# jerald show cart with wooden wheels



## Becky Horat (Jul 9, 2012)

I saw some pictures recently of a road cart? This looked very similar to a show cart without the boot and big, wooden wheels. I really liked the looks of it. Wondering who uses the wooden wheels on their Jerald cart? And how does this ride? Wondering if it pulls well in some of these arenas that have a little deeper ground? I would think it would still be easier with the wire wheels. I like the looks of the ones that are all black. Very classy.


----------



## Sandee (Jul 10, 2012)

The wooden wheels are heavier and make it heavier to pull. On a flat, packed surface it might make no difference to a trained horse. Since a lot of driving is over soft ground or rocky ground the wooden wheels are not the first thing I'd pick.


----------



## Matthijs (Jul 10, 2012)

We have an Amish build cart with wooden wheels, and I have to agree with Sandee, not to great on soft ground but a fantastic ride on hard surface. A lighter weight combined with a wide more floating tire is best at home on the softer stuff. I like my HyperBike with the Fat Daddy tires the best for that. Most wooden wheels are also rather narrow and therefore cut very deep in sand or muck creating a lot of drag.


----------



## Becky Horat (Jul 10, 2012)

I have the big, pneumatic wheels on my Jerald and it would be top choice in deeper ground. I also have a wooden wheel SPF cart that I love and it pulls along really well, but have never tried in deeper ground. Our Mini Crown pulls the worse....heavy and a lot of drag unless on harder surface. Was thinking of what I'd use if I were to someday show in ADS/Carriage type classes? Going to show in our Fair and they have classes that don't allow wire wheels. Planning on using my SPF wooden wheel cart. Worried this arena may be a little deeper than most. Thanks for the imput....it always helps.


----------



## kaycee (Jul 10, 2012)

i have a jerald sulky with wooden wheels in a walnut finish and use it for parades. i also have a "buckboard" for a team with wooden wheels that have a band of rubber around the perimiter. both are easy riding.


----------



## Becky Horat (Jul 10, 2012)

kaycee...how does your jerald with wooden wheels pull in arena situations that aren't really hard packed??

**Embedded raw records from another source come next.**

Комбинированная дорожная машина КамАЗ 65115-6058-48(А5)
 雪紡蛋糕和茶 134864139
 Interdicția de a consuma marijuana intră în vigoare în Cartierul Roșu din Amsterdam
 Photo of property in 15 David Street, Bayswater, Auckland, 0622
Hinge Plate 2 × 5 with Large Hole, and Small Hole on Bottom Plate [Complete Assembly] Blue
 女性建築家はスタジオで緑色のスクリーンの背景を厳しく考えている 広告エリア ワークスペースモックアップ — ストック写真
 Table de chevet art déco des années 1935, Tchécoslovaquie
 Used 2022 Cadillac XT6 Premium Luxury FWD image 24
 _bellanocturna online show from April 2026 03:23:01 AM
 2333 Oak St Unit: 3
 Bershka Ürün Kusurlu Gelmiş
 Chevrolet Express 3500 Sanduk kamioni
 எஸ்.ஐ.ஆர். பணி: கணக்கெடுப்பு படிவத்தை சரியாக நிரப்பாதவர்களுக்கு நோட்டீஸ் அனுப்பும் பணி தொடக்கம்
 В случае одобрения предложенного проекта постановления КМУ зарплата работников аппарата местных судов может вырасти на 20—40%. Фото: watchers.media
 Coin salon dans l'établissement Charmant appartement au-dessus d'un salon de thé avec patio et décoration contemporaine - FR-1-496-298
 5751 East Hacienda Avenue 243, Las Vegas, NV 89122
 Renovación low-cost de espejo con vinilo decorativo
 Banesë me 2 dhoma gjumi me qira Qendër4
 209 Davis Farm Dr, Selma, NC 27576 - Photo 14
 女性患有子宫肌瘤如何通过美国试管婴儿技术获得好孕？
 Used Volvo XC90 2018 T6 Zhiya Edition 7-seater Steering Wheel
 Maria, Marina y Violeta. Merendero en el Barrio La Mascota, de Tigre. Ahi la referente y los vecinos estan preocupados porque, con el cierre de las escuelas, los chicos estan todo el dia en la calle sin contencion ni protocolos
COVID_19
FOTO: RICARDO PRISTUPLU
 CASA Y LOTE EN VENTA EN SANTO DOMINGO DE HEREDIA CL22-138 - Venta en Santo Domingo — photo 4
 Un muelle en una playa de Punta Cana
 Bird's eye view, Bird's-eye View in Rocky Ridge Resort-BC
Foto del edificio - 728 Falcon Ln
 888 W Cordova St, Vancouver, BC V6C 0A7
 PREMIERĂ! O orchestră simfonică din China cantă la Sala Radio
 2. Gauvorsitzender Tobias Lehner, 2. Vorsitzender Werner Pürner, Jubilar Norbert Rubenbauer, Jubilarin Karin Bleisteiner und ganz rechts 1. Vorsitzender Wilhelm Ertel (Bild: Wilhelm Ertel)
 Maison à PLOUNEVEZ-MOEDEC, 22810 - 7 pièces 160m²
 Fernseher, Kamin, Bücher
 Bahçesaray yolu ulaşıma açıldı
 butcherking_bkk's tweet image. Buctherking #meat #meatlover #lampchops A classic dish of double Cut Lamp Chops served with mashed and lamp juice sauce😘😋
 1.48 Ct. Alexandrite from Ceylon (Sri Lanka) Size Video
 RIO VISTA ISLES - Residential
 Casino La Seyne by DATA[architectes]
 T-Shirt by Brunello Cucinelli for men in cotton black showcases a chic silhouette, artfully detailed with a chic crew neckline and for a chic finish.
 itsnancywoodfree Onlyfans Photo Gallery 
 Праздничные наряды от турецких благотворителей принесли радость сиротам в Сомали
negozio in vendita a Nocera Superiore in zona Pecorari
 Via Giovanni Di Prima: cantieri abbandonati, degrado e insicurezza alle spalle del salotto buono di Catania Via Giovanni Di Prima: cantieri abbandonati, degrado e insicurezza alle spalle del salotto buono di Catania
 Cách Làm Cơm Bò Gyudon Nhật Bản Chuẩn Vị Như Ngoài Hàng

I was looking at this website and really like the look of these carts. I guess I should just email them and ask about them. I know they're more of a "road cart" and have bigger wheels. Was just trying to get ideas of who uses show carts with wooden wheels?

http://www.katelandfarm.com/index_files/Page505.htm


----------



## Dontworrybeappy (Jul 11, 2012)

I just showed in mine at last Sunday's "R" show in Country Pleasure. I have 2 sets of wheels on the oak cart, and wire wheels on my black Jerald - both pull great, and I love the look of the oak cart with forest green trim and pinstripes! We stand out from the crowd, that's for sure!

I also trail drive and show in carriage shows with a SPF road card (stained wood throughout) with wooden wheels... it's hard to keep rubber tires filled around here, and I haven't yet gotten solid innertubes into all my bike tires, so for me, the wooden wheels make trail drives better - no going flat away from home!


----------



## LindaCall (Jul 12, 2012)

We have wooden wheels on one of our Jerald carts - because the tires kept going flat on trail drives on our gravel county roads. Haven't driven it in show yet - next week for sure..but have driven in parades with no issues. We have another Jerald cart we want wooden wheels for - as we have yet to find pneumatic tires to fit the axel.


----------



## kaycee (Jul 13, 2012)

i have not been in the show ring in over 10 years and have not had a driving horse in 3 years but am now in the process of remadying that. i hope to have my boy going for the aamhc fun show at vinton iowa sunday sept 2, 2012.


----------